Comenzamos a desaparecer, uno a uno, retirándonos por un corredor oscuro. Cuando regreso encuentro a Fandango llorando en la mesa; en un par de días se irá a vivir a Francia y borracho, se ha puesto sentimental. Un par de tragos y la fiesta sigue como si nada. Jerónimo regresa a la mesa y se despide, dice que se va a cuidar a su vieja: “creo que tiene gripa, ¿me presta su chaqueta?” La situación es absurda y yo estoy muy borracho, así que solo puedo decirle que es una pena que se vaya, pero que se olvide de llevarse mi chaqueta.  
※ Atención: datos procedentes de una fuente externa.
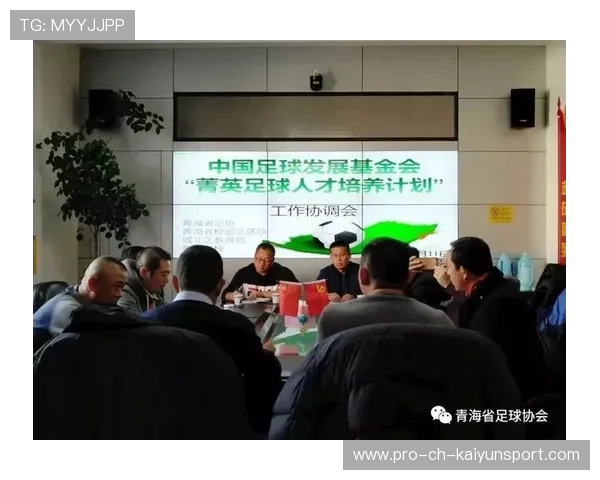 足球专项基金投入基层设施改造工程,足球专项资金使用方案 足球专项基金投入基层设施改造工程,足球专项资金使用方案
Cuando salimos del antro es de día y el sol brilla en el cielo, deben ser casi las siete de la mañana. Siento ganas de vomitar y un cosquilleo horrible en el cuerpo al ver a las familias que hacen ejercicio por las calles. Es domingo, la ciclovía ha comenzado y nosotros no hemos terminado la noche. Siento frío, la boca seca y caminamos por inercia. Entramos al supermercado más cercano, y mientras busco agua Joao desaparece. Doy un par de vueltas por el local y lo encuentro saliendo de la panadería: se está comiendo una almojábana, el muy asqueroso. No tengo nada en contra de las almojábanas pero, ¿en ese momento? Es increíble. Me da náuseas verlo, y es peor cuando oigo su propuesta: “sigamos caminando, el día está bien para hacer ejercicio”; le digo que está loco y tomo el primer taxi que veo en la calle y lo arrastro conmigo. Es hora de dormir, no soporto la calle y sus habitantes diurnos. Me quedo primero yo, Fandango sigue a su casa.
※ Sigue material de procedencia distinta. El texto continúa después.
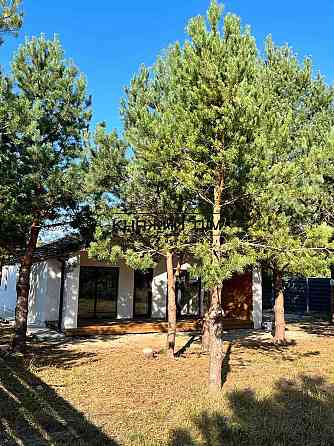 Продаж будинку 100м2 в соснах с.Северинівка № 1152005 Северинівка (Макарівський район)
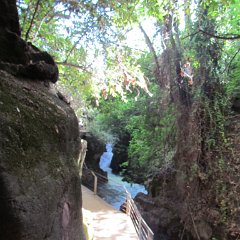 IMG_4758
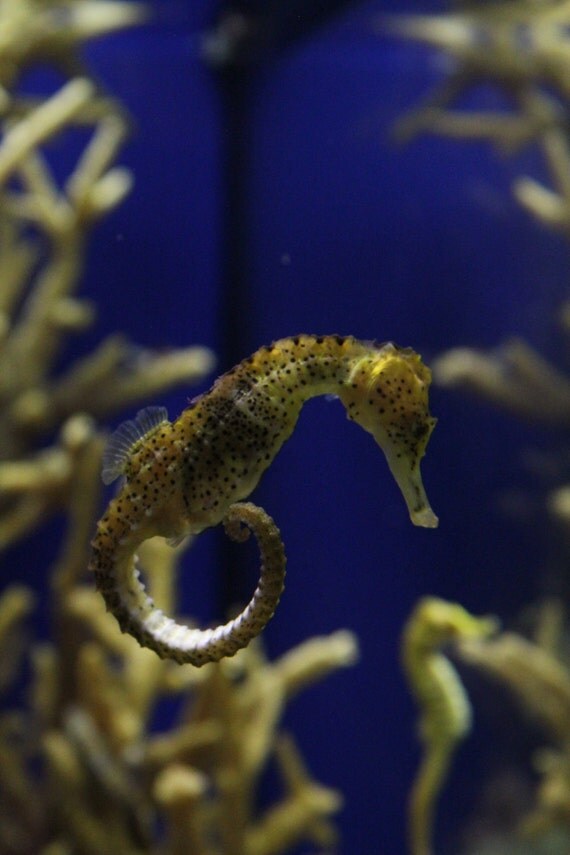 Sea horse, Monterey Bay Aquarium--matted and framed photo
Despierto en la tarde del domingo, me siento un poco borracho, pero ya recobré mi movilidad normal y el habla sin trabas. Estoy eufórico, siempre sucede durante el par de horas previas al guayabo, así que cojo la guitarra, la conecto al ampli de tubos y encuentro un par de acordes distorsionados que reflejan mi estado de ánimo y comienza un caótico proceso de composición. Queda poco tiempo antes de caer en la depresión del guayabo, y las notas e ideas son lo que queda de una noche de juerga: un juego de azar, mi realidad y el Trip Despierto. Un paseo inmoral y su banda sonora.